The shop opens at 9.00, but as I discovered, fresh bread only arrives at 10.30. Well, pancakes make a good breakfast too.
The most attractive point of Shieldaig is not the lovely village itself, but its gorgeous setting between the Torridon mountains, Applecross peninsula and Loch Shieldaig with its many islets. They do great sunrises too!
But of course, there is a big BUT. Beauty never comes alone. He who wants to enjoy all this fabulous splendour of nature has to endure one of nature's most dirty tricks: midges. O mighty midge, militant and miserable, I joyfully would offer thee a day's ransom of my blood, but please let me give it - do not take it thyself.
Before offering you more miserable poetry, I should explain that this little biting insect is in itself quite harmless. It comes with no noise, a small bite and just a tiny bit of itching. It brings no illness either than a bad mood or downright despair.
The problem is in their innumerable hosts. I have counted more than a hundred at just the back of my hand. They tickle around your ears, in your neck, in your hair, everywhere. Simple actions like lacing up your booths are almost impossible to do without a severe discipline.
Of course you can kill some of the beasts, but as soon as you do, a couple of hundred come to attend the funeral.
And then afterwards: some fifty bites on a small portion of your leg mightily itches. Or is it the repellent that makes your skin feel so bad? Either way, bloody beasts they are.
There are a couple of better characteristics too: they don't fly on windy or very rainy days, or in severe sunshine. They only bite in July and August (you know, the months everyone is coming to Scotland). Some humourists would add that they are not that bad, because only the female Culicoides impunctatus bites. Yeah, sure.
You might wonder hasn't modern science come up with a brilliant solution?. Well, there are several repellents. The one I use contains DEET, and shouldn't be used for children under 12, pregnant or breastfeeding women, hypochonders and people with sensitive skin. And please, don't spray it on your glasses, rain coats or other plastics as it will burn small holes into it. Nice stuff.
And it sure helps the midge to find you, because they can smell you from over half a mile. A real win-win situation.
Scotland lovers often comfort each other by expressing the idea that the midge actually is a good thing: it keeps away the large numbers of tourists. Cognitive dissonance anyone?

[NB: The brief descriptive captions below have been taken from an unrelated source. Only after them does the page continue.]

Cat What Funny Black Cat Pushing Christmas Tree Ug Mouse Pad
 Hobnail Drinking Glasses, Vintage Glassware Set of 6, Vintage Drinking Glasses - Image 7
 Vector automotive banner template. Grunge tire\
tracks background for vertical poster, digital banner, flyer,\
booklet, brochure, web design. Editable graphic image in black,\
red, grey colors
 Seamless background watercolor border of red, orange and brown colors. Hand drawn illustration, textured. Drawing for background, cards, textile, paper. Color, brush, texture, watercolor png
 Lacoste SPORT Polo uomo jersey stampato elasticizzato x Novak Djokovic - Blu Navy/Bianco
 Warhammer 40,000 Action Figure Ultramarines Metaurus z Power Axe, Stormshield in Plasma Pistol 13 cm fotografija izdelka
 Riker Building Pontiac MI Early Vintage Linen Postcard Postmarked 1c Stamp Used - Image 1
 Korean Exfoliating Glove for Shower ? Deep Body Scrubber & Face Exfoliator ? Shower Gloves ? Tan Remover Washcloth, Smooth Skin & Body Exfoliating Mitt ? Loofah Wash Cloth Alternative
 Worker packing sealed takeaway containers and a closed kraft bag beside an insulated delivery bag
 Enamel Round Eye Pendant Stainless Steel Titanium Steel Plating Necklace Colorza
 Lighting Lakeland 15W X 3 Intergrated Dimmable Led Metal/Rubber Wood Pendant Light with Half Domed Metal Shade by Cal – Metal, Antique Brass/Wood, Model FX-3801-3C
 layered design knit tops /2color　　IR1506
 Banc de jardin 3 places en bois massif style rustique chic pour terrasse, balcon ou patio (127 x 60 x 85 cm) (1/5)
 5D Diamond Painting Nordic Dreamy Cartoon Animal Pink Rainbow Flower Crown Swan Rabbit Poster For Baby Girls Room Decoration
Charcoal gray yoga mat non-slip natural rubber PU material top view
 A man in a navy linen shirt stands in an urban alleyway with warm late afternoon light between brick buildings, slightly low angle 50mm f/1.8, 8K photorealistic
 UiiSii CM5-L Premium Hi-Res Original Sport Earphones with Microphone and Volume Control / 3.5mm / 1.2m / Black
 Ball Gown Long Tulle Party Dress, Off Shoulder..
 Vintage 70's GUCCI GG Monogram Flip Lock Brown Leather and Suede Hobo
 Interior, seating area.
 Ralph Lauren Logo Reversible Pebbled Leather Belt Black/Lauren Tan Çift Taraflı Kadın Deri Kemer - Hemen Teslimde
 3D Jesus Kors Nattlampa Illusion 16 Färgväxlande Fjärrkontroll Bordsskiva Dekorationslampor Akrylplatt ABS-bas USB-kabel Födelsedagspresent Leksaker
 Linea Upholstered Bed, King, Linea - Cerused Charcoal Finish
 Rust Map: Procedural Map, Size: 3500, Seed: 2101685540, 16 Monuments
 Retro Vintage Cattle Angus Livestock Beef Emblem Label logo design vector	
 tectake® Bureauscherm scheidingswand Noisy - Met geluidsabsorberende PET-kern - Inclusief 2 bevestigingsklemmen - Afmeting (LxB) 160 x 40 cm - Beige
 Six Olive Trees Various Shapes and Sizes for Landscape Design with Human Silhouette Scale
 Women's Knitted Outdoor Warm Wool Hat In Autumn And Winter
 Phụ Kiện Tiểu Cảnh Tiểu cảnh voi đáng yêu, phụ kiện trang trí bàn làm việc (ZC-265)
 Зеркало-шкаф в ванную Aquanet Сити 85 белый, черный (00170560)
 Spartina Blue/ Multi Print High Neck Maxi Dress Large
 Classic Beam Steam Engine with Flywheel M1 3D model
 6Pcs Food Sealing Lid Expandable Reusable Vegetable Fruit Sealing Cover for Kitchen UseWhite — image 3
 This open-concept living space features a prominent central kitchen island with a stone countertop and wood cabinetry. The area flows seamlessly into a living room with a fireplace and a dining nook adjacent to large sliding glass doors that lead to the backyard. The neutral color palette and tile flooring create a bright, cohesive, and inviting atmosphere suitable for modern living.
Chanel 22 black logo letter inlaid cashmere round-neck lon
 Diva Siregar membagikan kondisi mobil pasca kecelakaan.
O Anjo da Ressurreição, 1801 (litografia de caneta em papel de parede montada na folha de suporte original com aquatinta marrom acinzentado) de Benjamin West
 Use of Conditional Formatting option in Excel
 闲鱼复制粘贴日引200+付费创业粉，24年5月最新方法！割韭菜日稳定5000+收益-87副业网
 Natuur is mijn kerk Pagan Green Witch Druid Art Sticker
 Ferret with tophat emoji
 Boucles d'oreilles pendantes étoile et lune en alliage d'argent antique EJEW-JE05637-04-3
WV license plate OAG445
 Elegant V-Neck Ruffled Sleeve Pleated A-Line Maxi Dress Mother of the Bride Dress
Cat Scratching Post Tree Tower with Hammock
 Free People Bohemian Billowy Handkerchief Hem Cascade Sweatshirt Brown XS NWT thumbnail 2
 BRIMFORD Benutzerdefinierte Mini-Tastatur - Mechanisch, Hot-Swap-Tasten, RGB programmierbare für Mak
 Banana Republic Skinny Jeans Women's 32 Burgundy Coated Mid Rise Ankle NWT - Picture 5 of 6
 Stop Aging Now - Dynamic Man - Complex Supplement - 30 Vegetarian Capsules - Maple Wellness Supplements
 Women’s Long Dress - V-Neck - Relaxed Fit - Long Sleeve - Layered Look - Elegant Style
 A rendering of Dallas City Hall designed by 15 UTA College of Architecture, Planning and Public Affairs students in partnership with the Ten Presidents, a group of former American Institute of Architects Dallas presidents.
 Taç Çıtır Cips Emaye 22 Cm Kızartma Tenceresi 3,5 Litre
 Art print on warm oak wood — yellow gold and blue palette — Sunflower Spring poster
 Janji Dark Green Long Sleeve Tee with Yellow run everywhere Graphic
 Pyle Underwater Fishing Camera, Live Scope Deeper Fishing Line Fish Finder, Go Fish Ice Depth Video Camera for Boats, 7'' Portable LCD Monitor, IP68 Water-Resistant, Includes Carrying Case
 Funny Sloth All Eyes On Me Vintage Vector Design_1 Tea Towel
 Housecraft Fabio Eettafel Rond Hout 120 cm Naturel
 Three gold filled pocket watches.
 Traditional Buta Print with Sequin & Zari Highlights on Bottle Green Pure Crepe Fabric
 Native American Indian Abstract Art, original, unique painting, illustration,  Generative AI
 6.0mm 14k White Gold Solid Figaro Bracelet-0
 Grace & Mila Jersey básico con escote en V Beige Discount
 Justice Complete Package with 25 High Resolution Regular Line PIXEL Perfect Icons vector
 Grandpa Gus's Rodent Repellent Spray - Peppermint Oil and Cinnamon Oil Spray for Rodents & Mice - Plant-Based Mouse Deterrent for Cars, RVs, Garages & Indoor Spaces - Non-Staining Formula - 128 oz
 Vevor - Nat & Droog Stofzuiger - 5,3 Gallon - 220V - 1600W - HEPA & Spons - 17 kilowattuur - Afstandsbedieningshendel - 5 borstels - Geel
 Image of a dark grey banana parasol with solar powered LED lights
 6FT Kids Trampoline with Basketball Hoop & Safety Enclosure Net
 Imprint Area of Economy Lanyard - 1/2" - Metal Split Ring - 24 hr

OK, OK, you are right. Too much cheap wording, amateur psychology and false feelings here. Well, let me tell you just an example of what happens. Mere facts and nothing but.
One overcast afternoon, near beautiful Loch Carron we want to sit down, make a cup of tea and have some lunch. I decide to scout the place and sit there for two minuts as a guinea pig, while the family watches me from behind closed windows inside the car. Were I to be attacked at the time, we would have to go somewhere else. If not, the place would be safe.
After two minuts the area is declared to be midge free. My wife and oldest son get out of the car too. They take the chairs and bring them to the proposed picnic area. I take the bags with the coffee, bread and everything else we need to have a nice lunch.
My wife comes back to the car for her book, Klaas for some toy and I unlock the safety belt of Teun's seat. I pick him out of the seat, have him stand on his legs next to the car. I unlock his buggy (left and right), get it out of the car, unfold it, take up Teun, place him in the buggy, fasten his belt and roll him to the picnic area.
I fill two cups with hot water, make some coffee and tea and the family is seated. And then they come.
A hissing yell, shouting some bad words (I ought to go to the naughty mat), pick up the chairs and bring them to the car. Pick up the bags, throw them in the car. Roll Teun in his buggy back to the car. Unlock his belt, pick him out of the buggy and hold him with one arm. The hand of the other arm opens the door, I put him in his car seat again.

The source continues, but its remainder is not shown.